WORK ORDER » Pictures are to be left out, and only the lines below starting at the one with "Ruched Sleeve Bodycon Dress, Black, large" and ending at the one with "Bounty Paper Towels" are to be reproduced, each exactly, both ends included.

MATERIAL FOR THIS TASK »
╭──

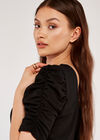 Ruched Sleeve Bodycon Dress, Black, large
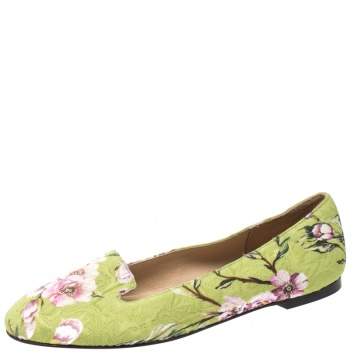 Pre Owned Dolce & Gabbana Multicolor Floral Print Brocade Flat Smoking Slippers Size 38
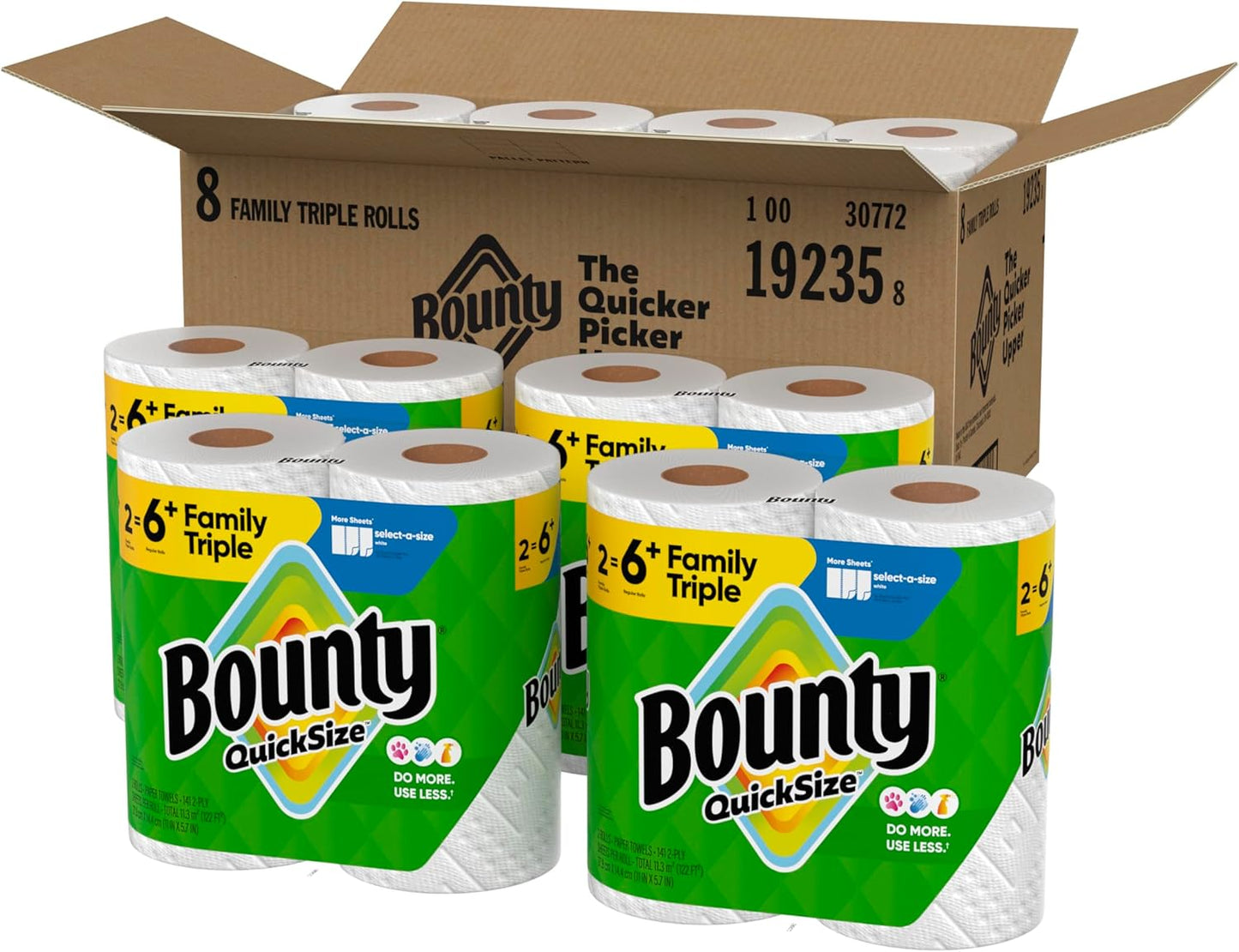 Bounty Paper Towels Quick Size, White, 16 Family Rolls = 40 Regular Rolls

╰──
╭──

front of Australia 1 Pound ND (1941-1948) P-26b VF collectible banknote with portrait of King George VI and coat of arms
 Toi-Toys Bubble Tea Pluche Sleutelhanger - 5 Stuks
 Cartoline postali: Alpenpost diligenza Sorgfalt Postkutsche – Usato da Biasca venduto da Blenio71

╰──

EXERCISE OUTPUT »
 Ruched Sleeve Bodycon Dress, Black, large
 Pre Owned Dolce & Gabbana Multicolor Floral Print Brocade Flat Smoking Slippers Size 38
 Bounty Paper Towels Quick Size, White, 16 Family Rolls = 40 Regular Rolls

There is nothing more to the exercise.